For David Nabarro, senior adviser to the UN-led Food Systems Summit held in September 2021, food systems are a key area that could benefit from cooperation from such opposing sectors.
From production to transportation to consumption, food and agricultural activities are one of the main contributors to the rise in global temperatures. Yet they’re failing to feed the world’s population, with two billion people not having access to healthy diets, and an extra billion on the verge of hunger if they were to lose a third of their income, according to the Food and Agriculture Organization.
“You need dedicated solutions for the smallholder farmers and for the small and medium enterprises. If you get those in place, investing in systems offers really promising economic opportunities,” Nabarro told Geneva Solutions.
Currently the World Health Organization’s special envoy for Covid-19, Nabarro worked within the UN system for over 20 years at the crossroads between health, food, nutrition, sustainable development and climate change.
He participated in Building Bridges last week in a panel on innovative financial approaches for sustainable food systems. Ahead of the event on Tuesday, the health expert spoke to Sustainable Finance Geneva about the need for the finance and development sectors to come up with novel ways of partnering, even at the risk of facing scrutiny.
Food systems are a key driver of climate change and as population grows, demand will only keep rising. What role can sustainable finance play in making them more sustainable?

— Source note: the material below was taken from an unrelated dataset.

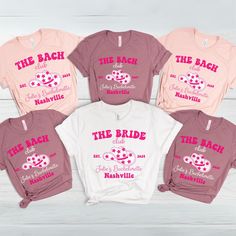 four shirts that say the bride and groom are in pink, white, and pink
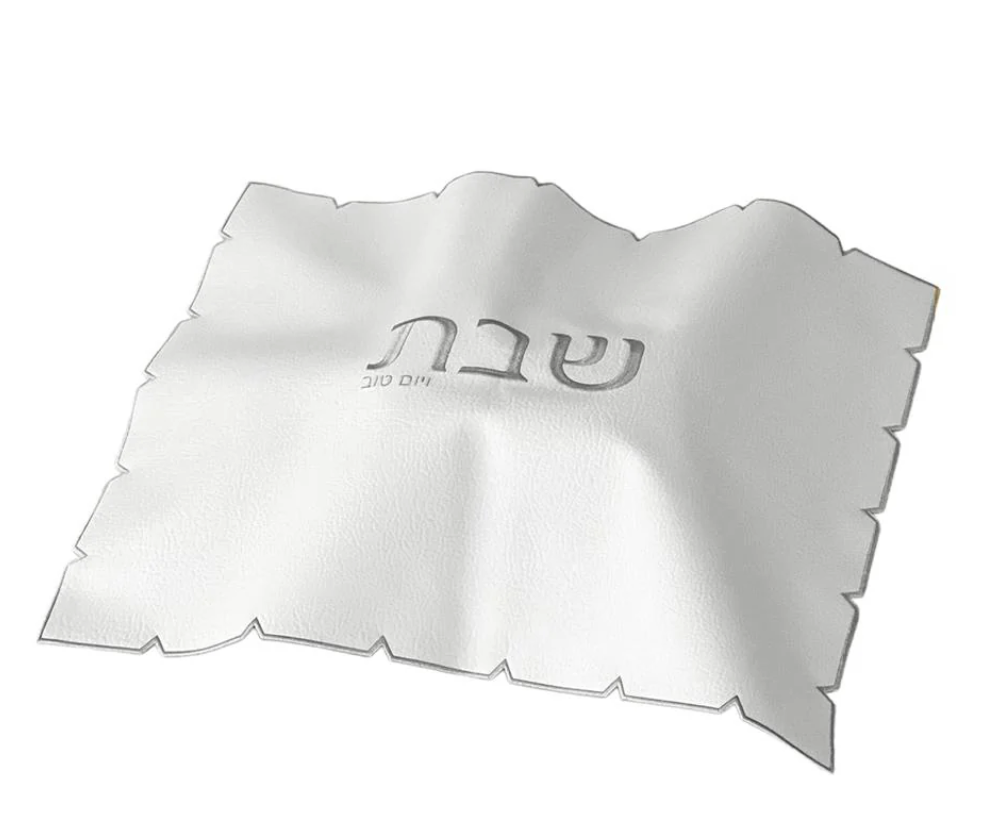 The BT-Shalom White Embroidered Leatherette Challah Cover—Silver features scalloped edges and central Hebrew text, making it an elegant Shabbat accent.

For many years, the focus in the international space has been on how to increase production of key food products, particularly certain grains, livestock, fish, vegetable and fruit products. It’s only since the UN Food Systems Summit in September that the United Nations has given visibility and substance to the concept of food systems. We’re changing our view of food from looking at it as a commodity towards looking at the overall interactions between people and nature that lead to food production.
Once we see food in systems language, we’re better able to understand the true cost of food and the real benefits of different food production systems. And as we shift and start to see that not every intensified food production process is necessarily good for the planet and for people, it becomes more important that those who are interested in forward looking food policies from a systems perspective talk to the enterprises, which are the engine for action, and to the financiers, who offer the capital.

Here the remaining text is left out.